Ranga Yogeshwar finde ich prinzipiell auch nicht schlecht, allerdings moderiert er halt sehr oft solche Pseudo-wissenschaftliche Sendungen. Schade, denn er könnte eigentlich auch ganz andere Formate moderieren, wo man dann wircklich etwas lernt


----------



## RyzA (21. März 2012)

Pagz schrieb:


> Ranga Yogeshwar finde ich prinzipiell auch nicht schlecht, allerdings moderiert er halt sehr oft solche Pseudo-wissenschaftliche Sendungen.

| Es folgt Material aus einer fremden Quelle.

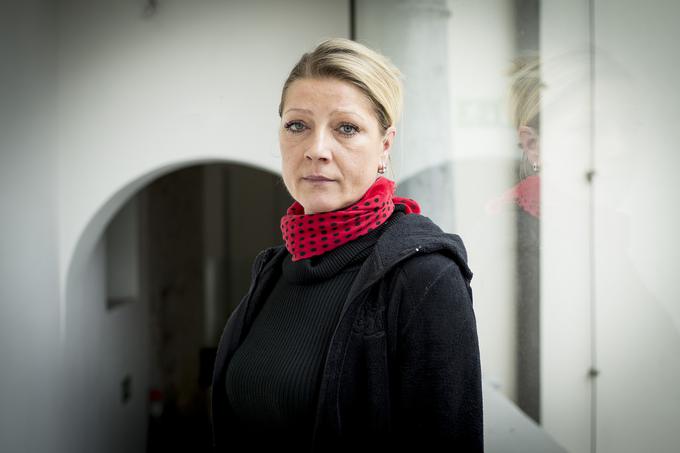 Andreja Skube se je s prvimi simptomi bolezni srečala pri komaj 25 letih. | Foto: Ana Kovač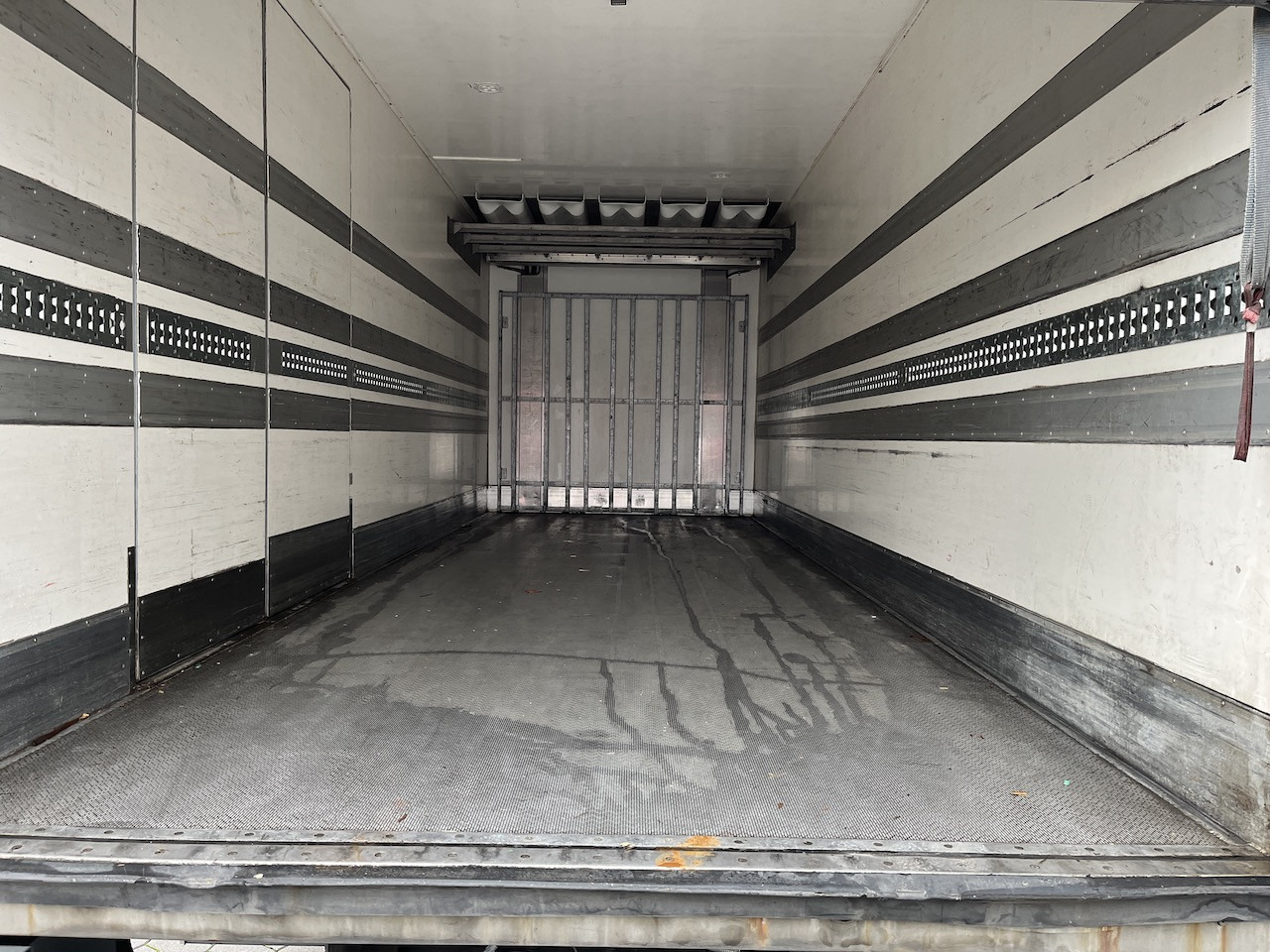 Mercedes-Benz 1842 4x2 LBW Kühlung Flüssigstickstoff GAS - Koelwagen vrachtwagen: afbeelding 5 Mercedes-Benz 1842 4x2 LBW Kühlung Flüssigstickstoff GAS - Koelwagen vrachtwagen: afbeelding 5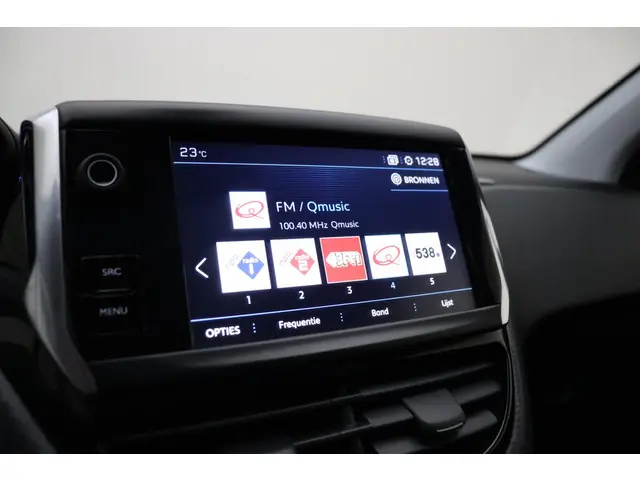 Peugeot 2008 1.2 PureTech Allure 2019 Benzine 26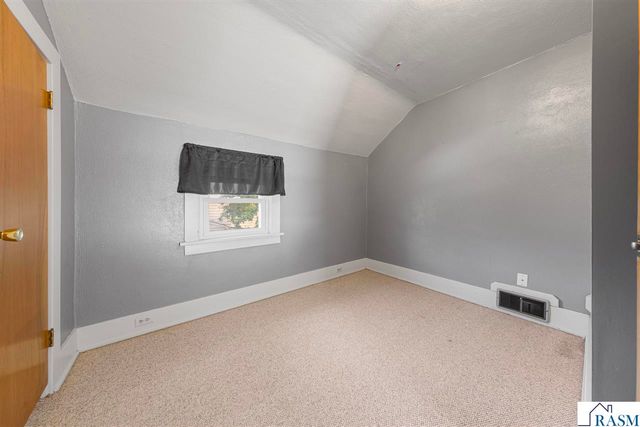 1518 4th Avenue, Mankato, MN 56001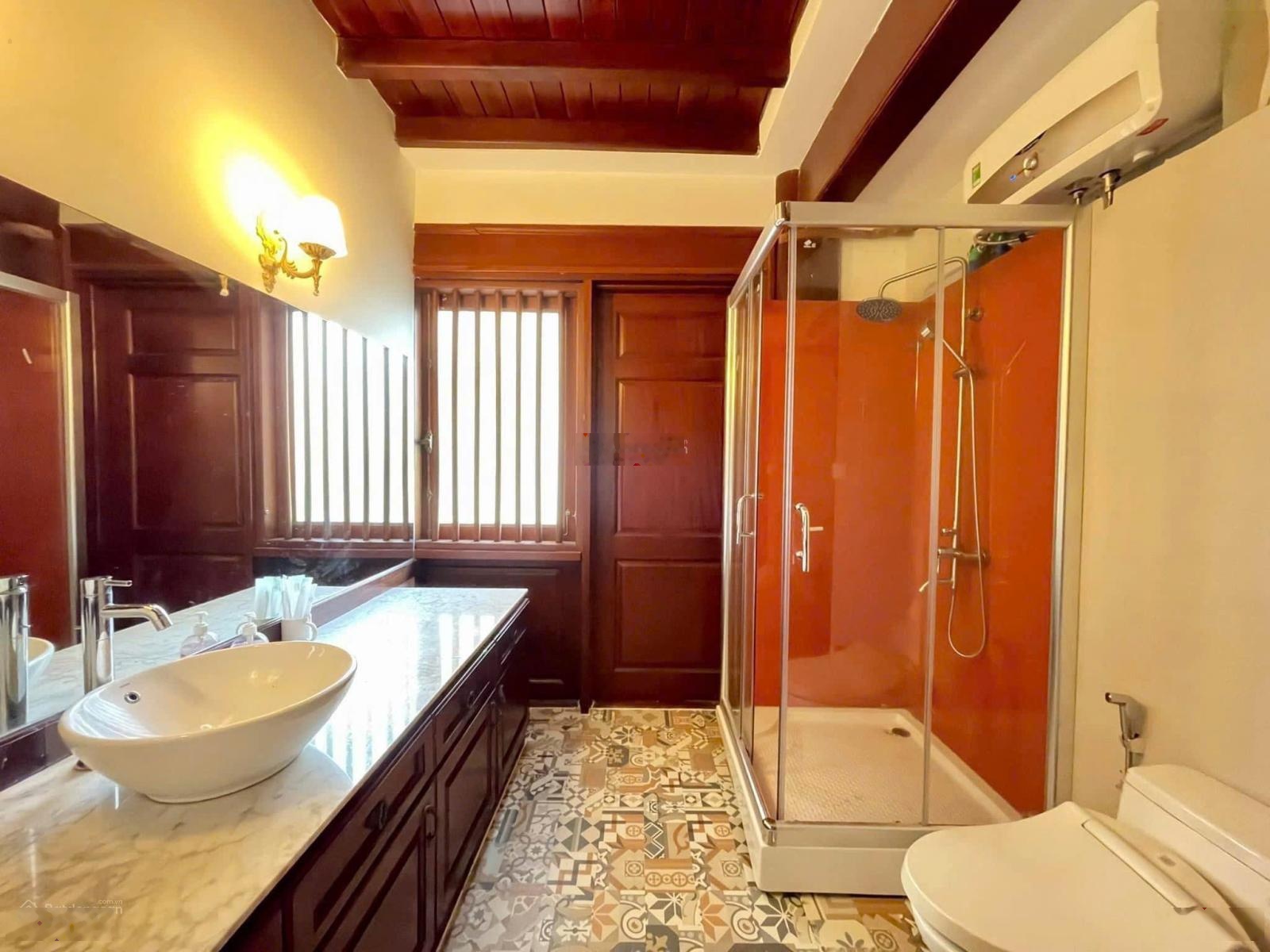 Chốt gấp - Chỉ ~140tr/m2 sở hữu căn villa gỗ quý Thảo Điền 3 tầng, hồ bơi - 13x25.5m - HĐT 150tr/th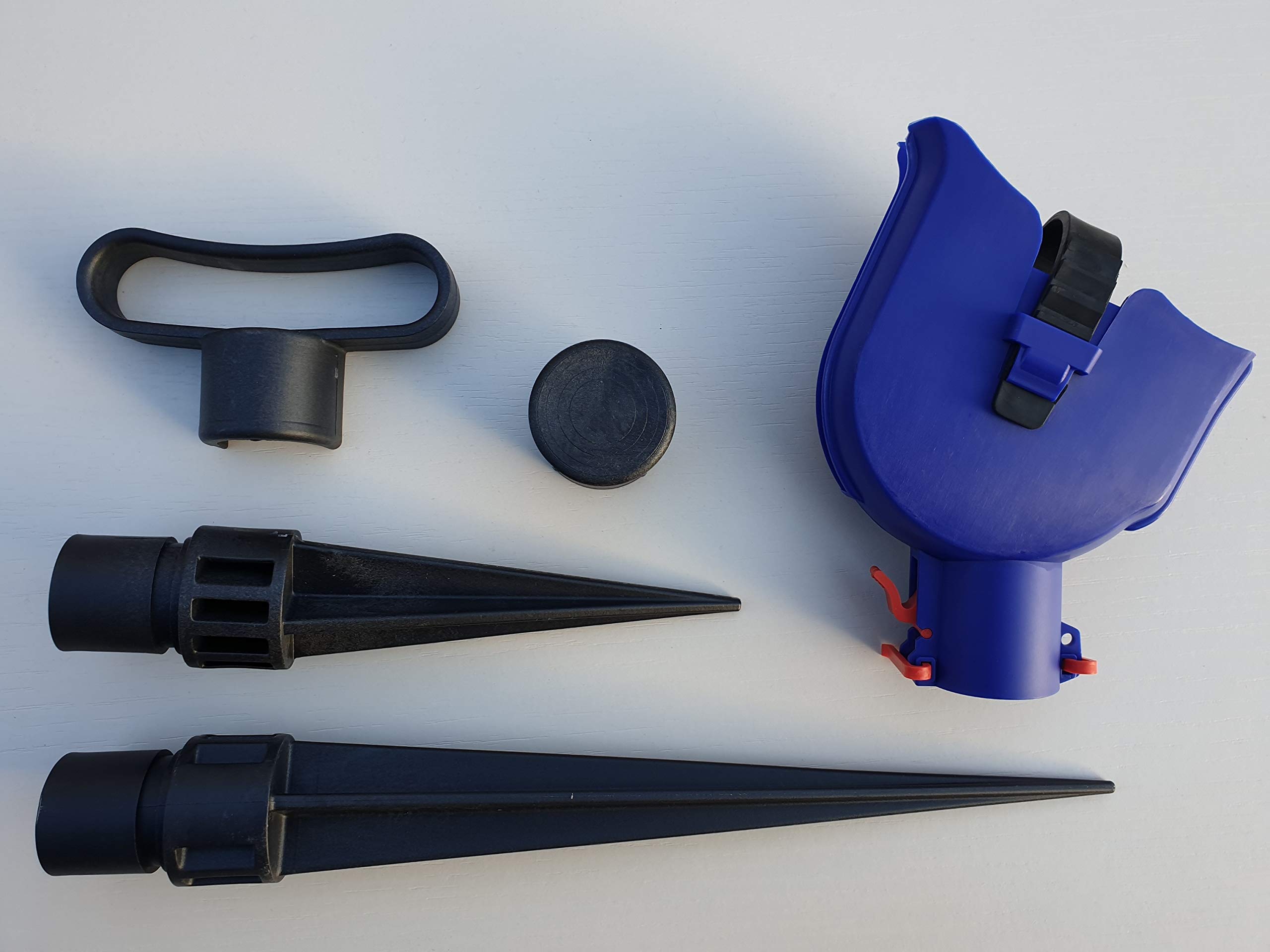 FreeRover Free60 Retractable Lead Holder, 360° Tie out stake, Ground anchor, Camping tether, Cork screw, Outdoor Adventures. (Blue)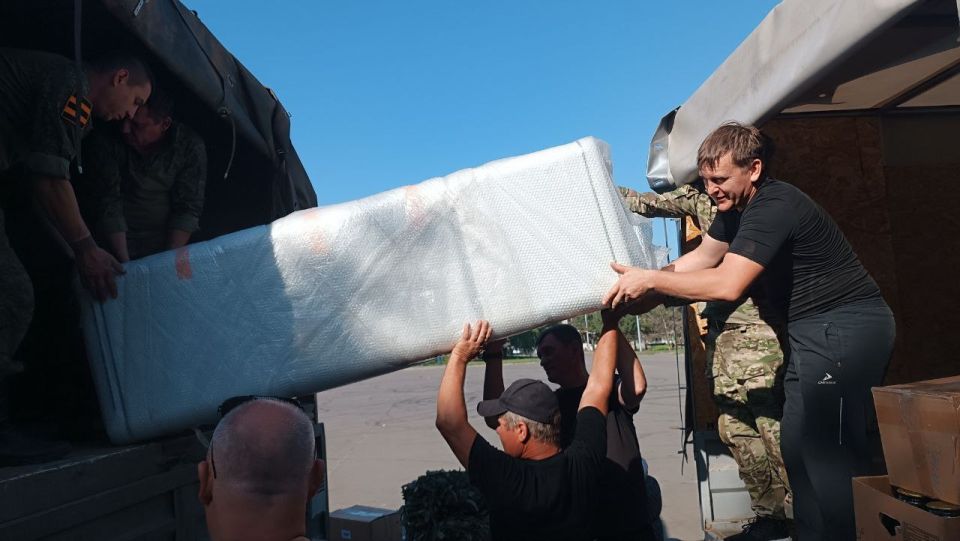 При поддержке «Единой России» бойцам на передовую доставили гумпомощь из Воронежской области При поддержке «Единой России» бойцам на передовую доставили гумпомощь из Воронежской области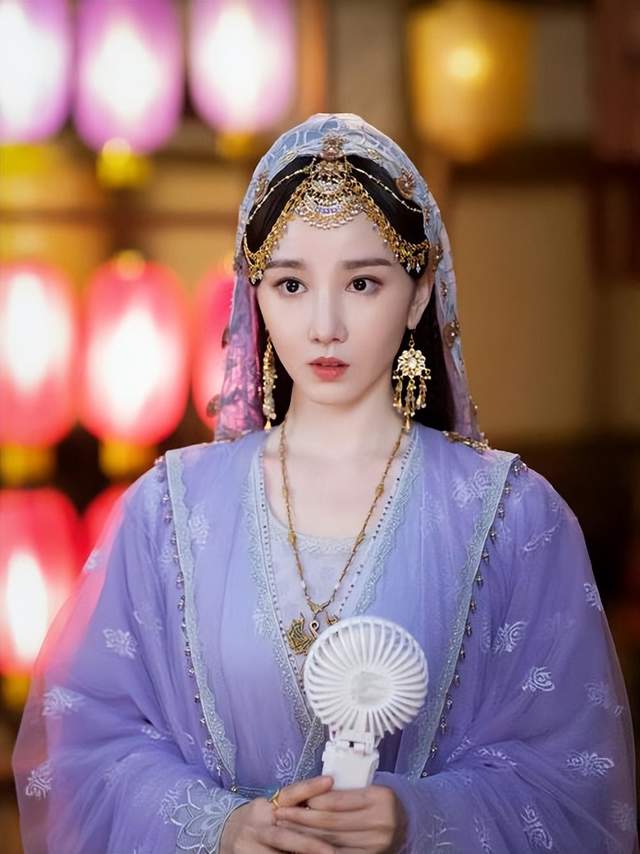 陈小纭整容前演过什么电视剧,演员陈小纭现状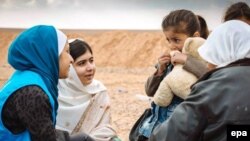 Малала Юсуфзай разговаривает с беженцами, вынужденными покинуть свои дома из-за военных столкновений в Сирии. 15 февраля 2014 года.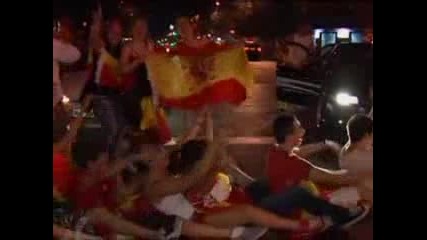 Испания Празнува . Футболните фенове за световния шампион 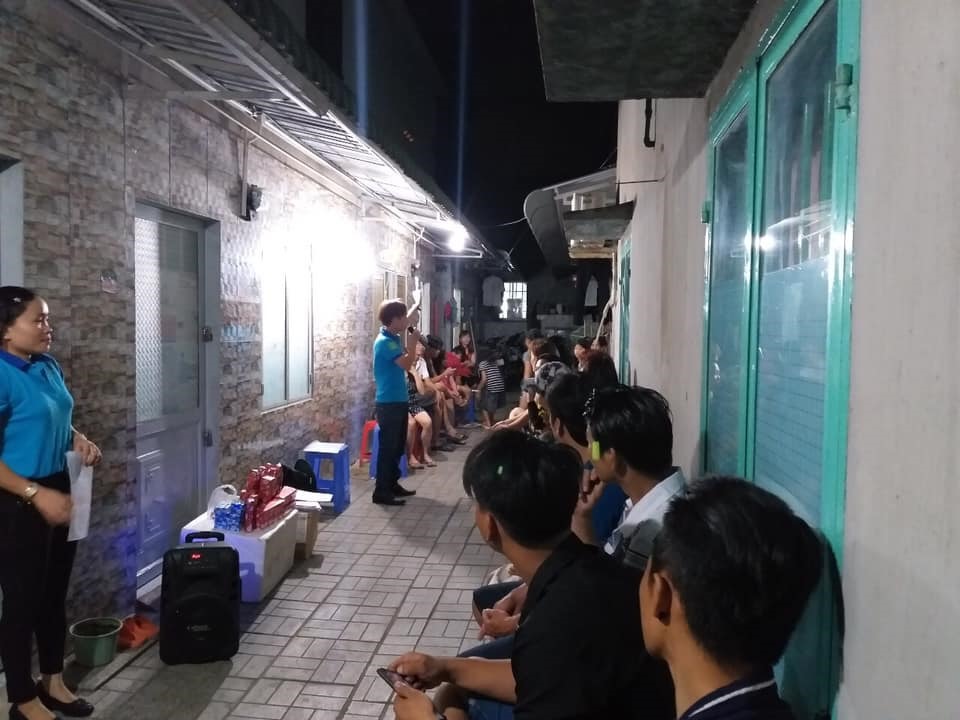 Hoạt động tư vấn lưu động của công nhân nòng cốt tại khu nhà trọ công nhân, do Trung tâm tư vấn pháp luật chủ trì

Schade, denn er könnte eigentlich auch ganz andere Formate moderieren, wo man dann wircklich etwas lernt


Von LEsch die Sendungen sind genauso populärwissenschaftlich, wie alle Sendungen im Fernsehen.


----------



## Pagz (21. März 2012)

Headcrash schrieb:


> Von LEsch die Sendungen sind genauso populärwissenschaftlich, wie alle Sendungen im Fernsehen.


 
Ja und, habe ich dir da widersprochen?


----------



## RyzA (21. März 2012)

Wollte das nur gesagt haben weil hier mehrfach so getan wurde als wenn Lesch und seine Sendungen seriöser sind.


----------



## Pagz (21. März 2012)

Headcrash schrieb:


> Wollte das nur gesagt haben weil hier mehrfach so getan wurde als wenn Lesch und seine Sendungen seriöser sind.


 
Hängt ja nicht vom Moderator ab, sondern hauptsächlich vom Sender


----------



## RyzA (21. März 2012)

Ok, das stimmt wohl.


----------



## Incredible Alk (21. März 2012)

Gottschalk, Schmidt und Jauch (in aufsteigender Reihenfolge) - und außer Konkurrenz aufgrund der Thematiken läuft für mich Ranga Yogeshwar. Früher war mir zwar an der Stelle Joachim Bublath lieber aber Ranga macht den Job schon gut


----------



## RyzA (21. März 2012)

Joachim Bublath fand ich auch sehr gut.


----------



## Incredible Alk (21. März 2012)

Headcrash schrieb:


> Joachim Bublath fand ich auch sehr gut.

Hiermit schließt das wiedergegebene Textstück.